Case 2: He underwent appendectomy 7 mo prior, with a quick postoperative recovery.

Personal and family history

Cases 1 and 2: There is no personal and family history.

Physical examination

Case 1: Physical examination revealed diffuse abdominal tenderness, muscle tension and rebound pain.

Case 2: The patient’s abdomen was rigid.

Laboratory examinations

Case 1: The levels of cardiac markers, including myoglobin, troponin T, brain natriuretic peptide and creatine kinase isoenzyme MB, were elevated. Coagulation function tests showed that the results of the D-dimer assay were four times higher than the normal value. At the initial stage of hospitalization, a serum immunoglobulin assay showed that the levels of immunoglobulin A (IgA, 2800.00 mg/L) and IgM (1910.00 mg/L) were within the reference value range, but there were elevations in the levels of IgG (21.50 g/L) and IgE (74.80 IU/L).

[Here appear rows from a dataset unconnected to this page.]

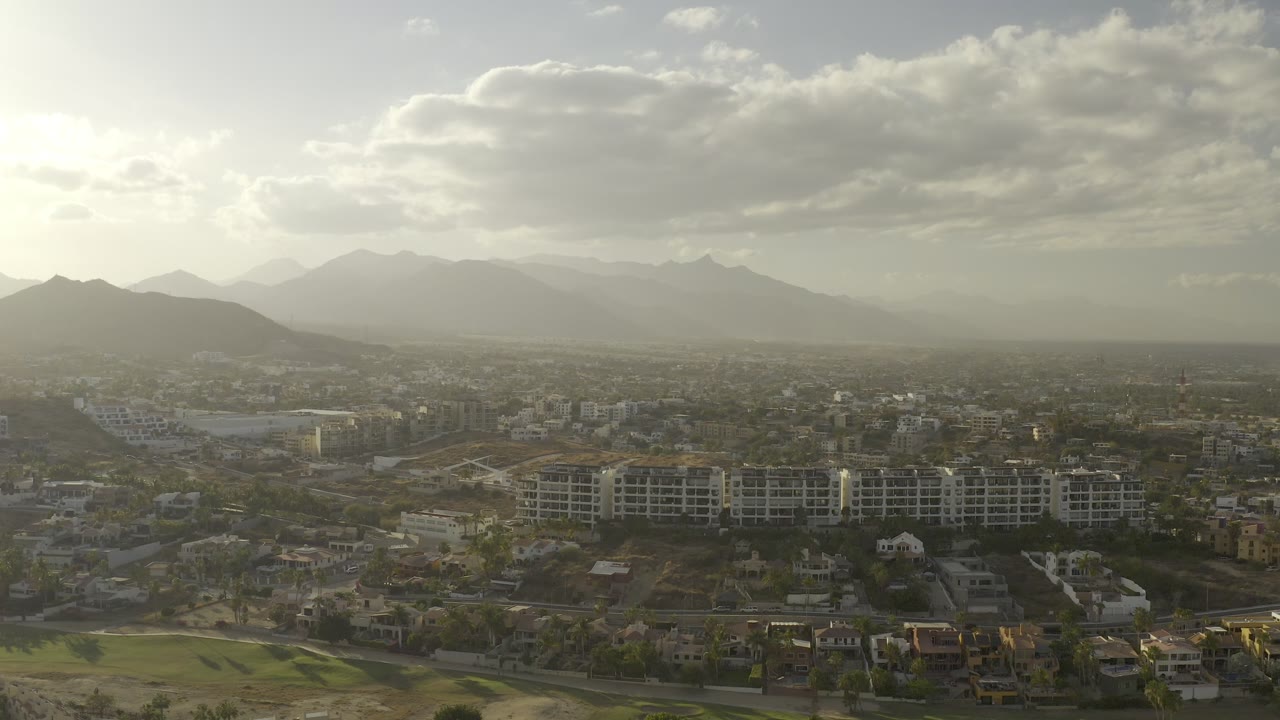 Aerial view of buildings, green course areas, mountains, and bright clouds.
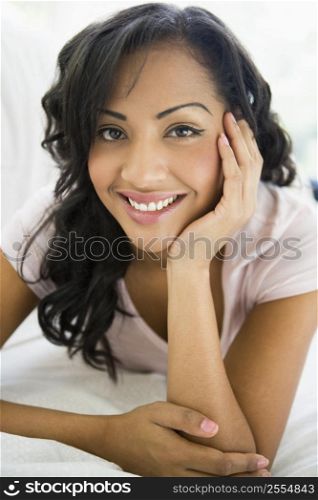Woman in living room smiling (high key/selective focus)
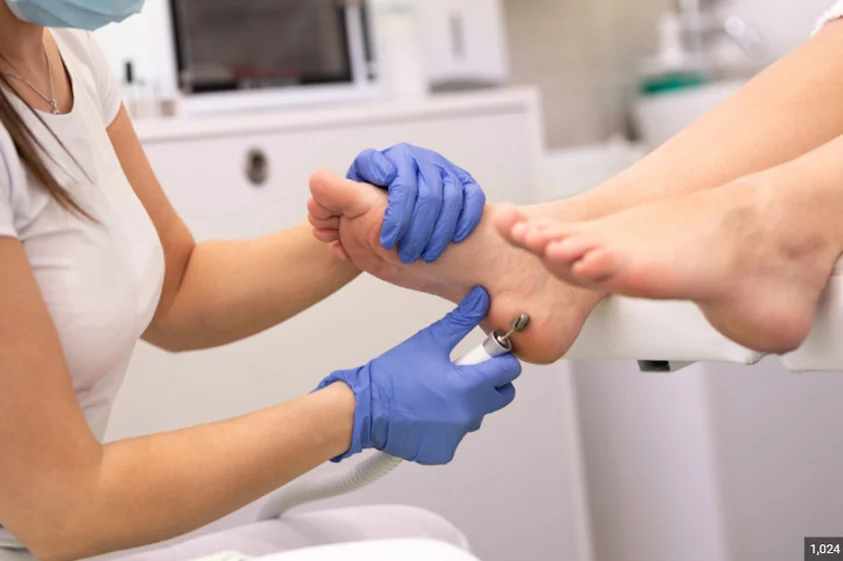podiatrist performing foot treatment on a patient
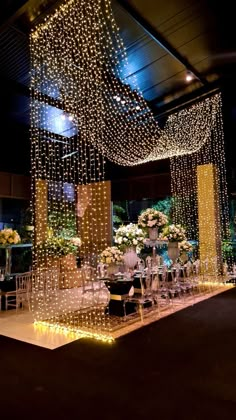 an indoor wedding setup with white flowers and chandeliers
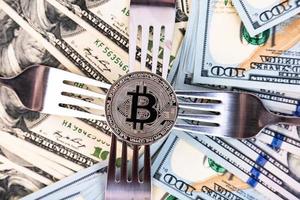 Platinum bitcoin on the background of one hundred dollar bills and cutlery. photo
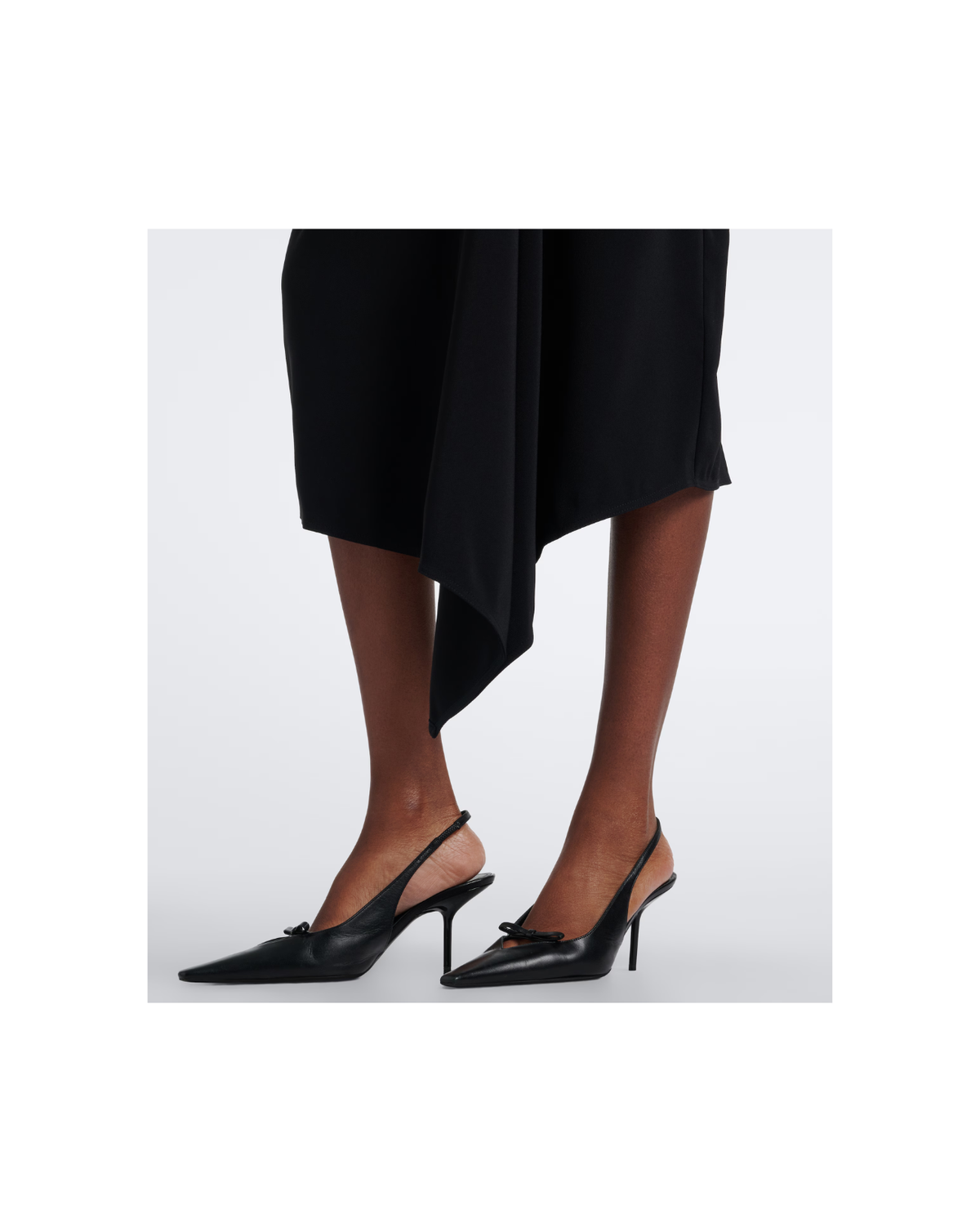 Black pointed-toe slingback heels with a small bow detail on the strap, shown on a model wearing a black asymmetrical skirt against a light gray background.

Case 2: The levels of IgA, IgG, IgM and C3 were lower than the reference values. Similar to the previous patient, he had a significant rise in cardiac markers and D-dimer levels. Laboratory tests, including anti-keratin antibody, antinuclear antibody, anti-cyclic citrullinated peptide antibody and anti-ds DNA antibody, were within normal limits.

Imaging examinations

Case 1: A computed tomography scan of the abdomen revealed free intraperitoneal air and intraperitoneal free fluid (Figure 1A and B).

Figure 1
Figure 1 Computed tomography scan of the abdomen. A and B: Preoperative computed tomography examination findings showed free intraperitoneal air (A) and intraperitoneal free fluid (B) in case 1; C: Computed tomography scan of the abdomen revealed free intraperitoneal air under the diaphragm and in the right abdominal area in case 2.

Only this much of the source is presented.